We have touched down, and though it took a while to sort ourselves out at Gatwick, we are on the road back.
ETA Oakham 1830 hours
Oakham History Department
The History Department arranges visits to historical sites, workshops at leading museums, takes groups to lectures by important historians and has organised successful tours abroad. This blog gives news of any current excursions from Oakham...
You can find out more about History at Oakham by visiting the Department website.
You can find out more about History at Oakham by visiting the Department website.
Wednesday, February 15, 2012
Tuesday, February 14, 2012
A Bohemian night out in Krakow
We ended our last full day of the trip with a Bohemian evening at a restaurant just off the main square in the city centre. The evening brought us a welcome lightening of tone after everything we had seen and heard that day, and everyone was soon in high spirits, as each course was interspersed with music and dance from a local group of artistes. They picked out some talent from our group (the most handsome and beautiful) to join them in some of their dances.

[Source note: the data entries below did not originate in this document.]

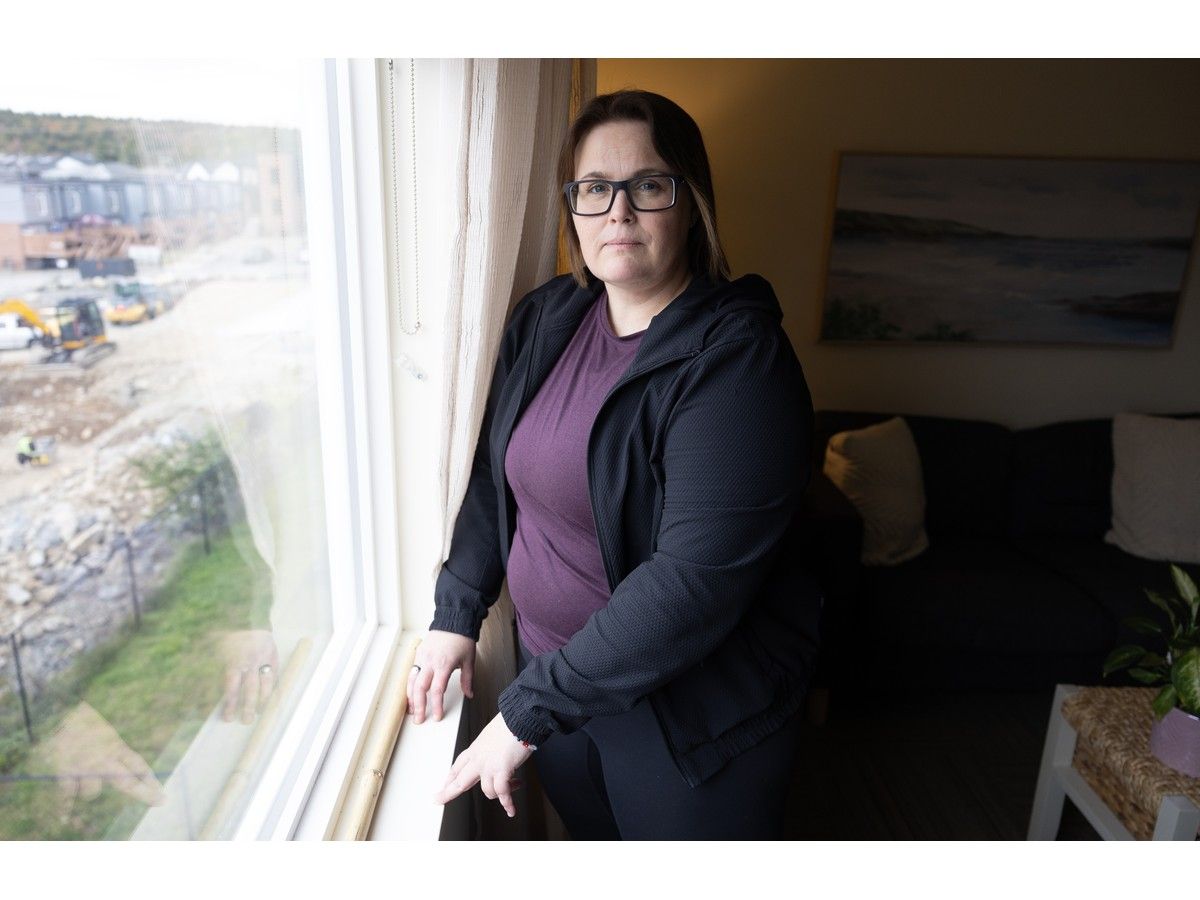 Are police doing enough to address gender-based violence in Halifax ...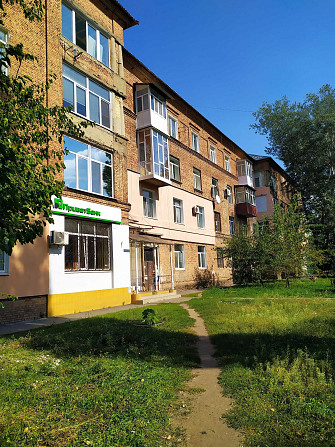 Продажа квартир Продам Квартиру 3 комнаты Николаевка Kropyvnytskyi - photo 2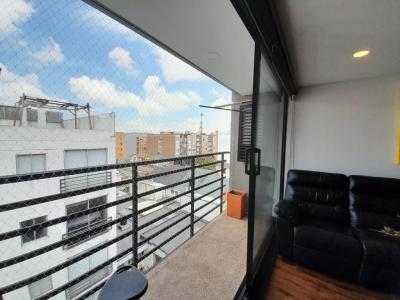 Apartamento En Venta En Bogota En El Contador Usaquen V45878, 108 mt2, 3 habitaciones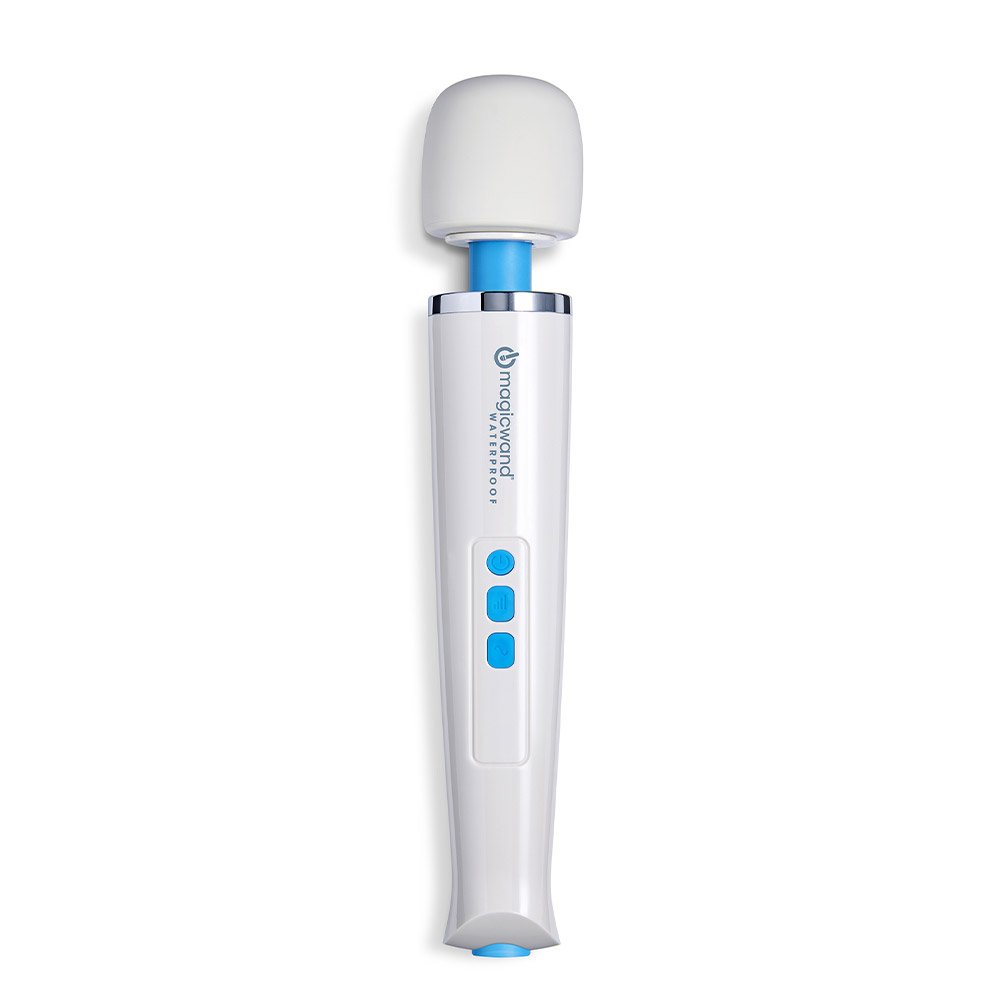 Magic-Wand®-Waterproof-HV-360-Top_Standing-UP_1000x1000 AH887 Waterproof Magic Wand Massager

Delicious food and lively entertainment made it a perfect night out and spirits were high as we walked through the square once again to appreciate the beautiful surroundings and stopped for one more photograph. Then it was out to the tram line for our last journey on Krakow's excellent tram system back to the hotel for our last night...and packing for tomorrow's flight!
A tour of Schindler's Factory
We returned to Krakow for a guided tour round the Oskar Schindler Factory Museum. The Museum gives a fascinated explanation of Krakow from the outbreak of the war through to 1945, the treatment of its people and especially the 25% who were Jewish. Its use of visual material and artefacts is very full and excellently done. Our guide was a little difficult to follow as the spaces were cramped, and we found some of her speech hard to hear.

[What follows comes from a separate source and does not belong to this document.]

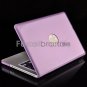 PURPLE Crystal Hard Case Cover for Macbook PRO 13.3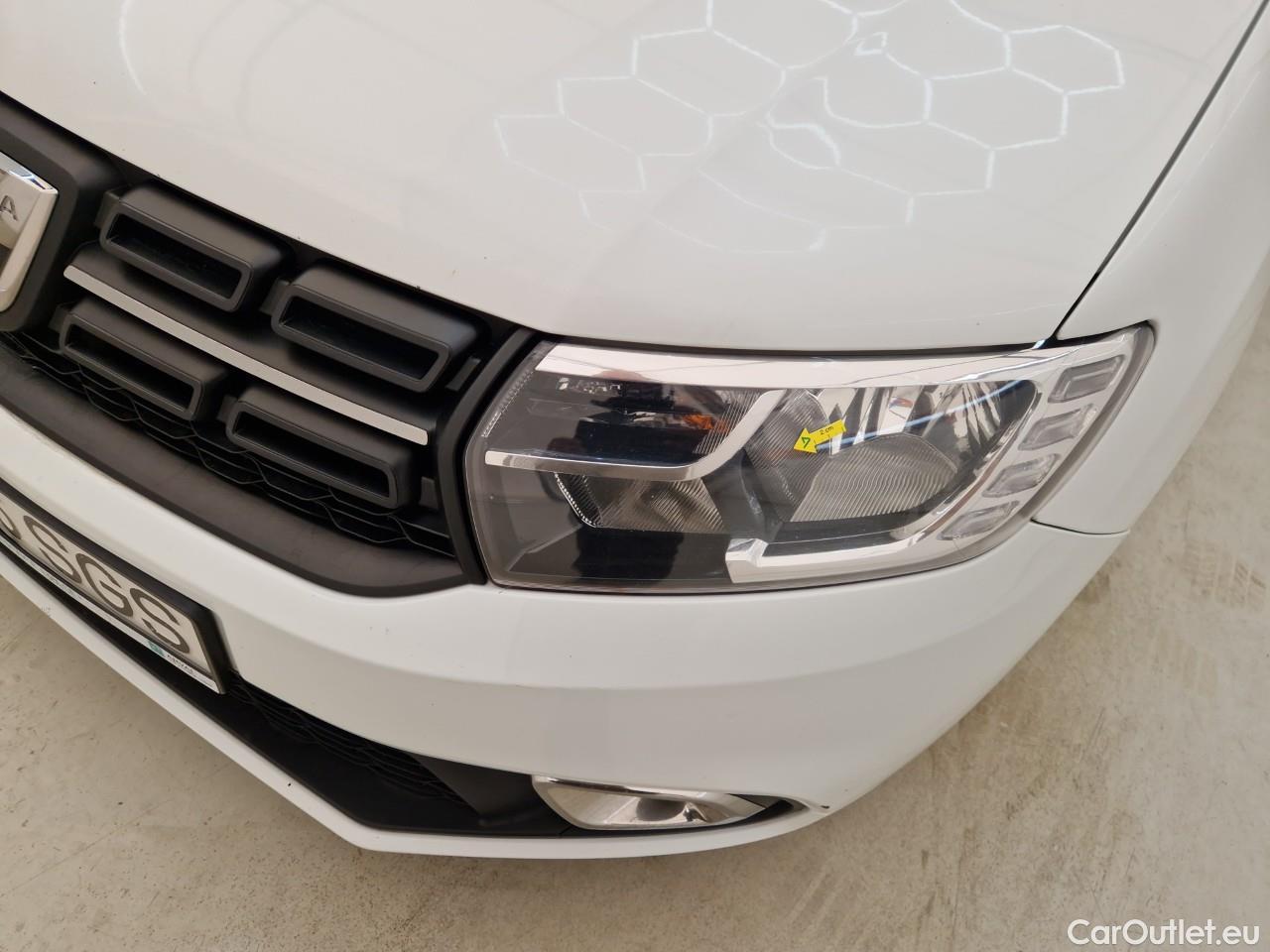  Dacia  Logan 1.5 Blue dCi 95CP Laureate #11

The Schindler material is a significant but in fact small part of what is shown. The use of German orders and the tableaux of home and work scenes brought home very powerfully the impact of war-time occupation, and the narrow border between life and death.
Monday, February 13, 2012
Bowling in Krakow
In the evening we went out again on the tram; this time it was fifteen stops to Krakow Plaza, a big entertainment centre where we enjoyed an hour and a half's bowling. Good fun for all, but the champion bowlers who wanted to explain lower scores complained of a slope that prevented them from achieving their usual quota of strikes.
Witnessing Nazi persecution
After lunch in the city centre, we walked to the Galicya Jewish Museum in the old Jewish quarter of Kazimierz. We were shown round in two groups by two enthusiastic student fellows of the Institute. The permanent exhibition 'Rediscovering Traces of Memory' is based on the photographic collection of Chris Schwarz, a British photographer who made it his mission to photograph and collect photographs of the people and places of the Jewish community in the region, as in so many places the communities have disappeared. Seeing the photographs of men and women enjoying life and then the few traces in stones and inscriptions of destroyed communities was tremendously effective and moving.
The highlight of our visit was our two-hour session with Mr Rezolowski. He was sixteen when he was captured for his part in the Warsaw Uprising of 1944 and sent to Mauthausen Concentration Camp. With the aid of an interpreter he spoke to us of his experiences in the camp and its terrible regime. He then answered frankly all our questions about his experience and the effect it had on him. As a living tale of the survival of human spirit through appalling times his testimony held us gripped and left us with a profound emotional impact that we will not forget.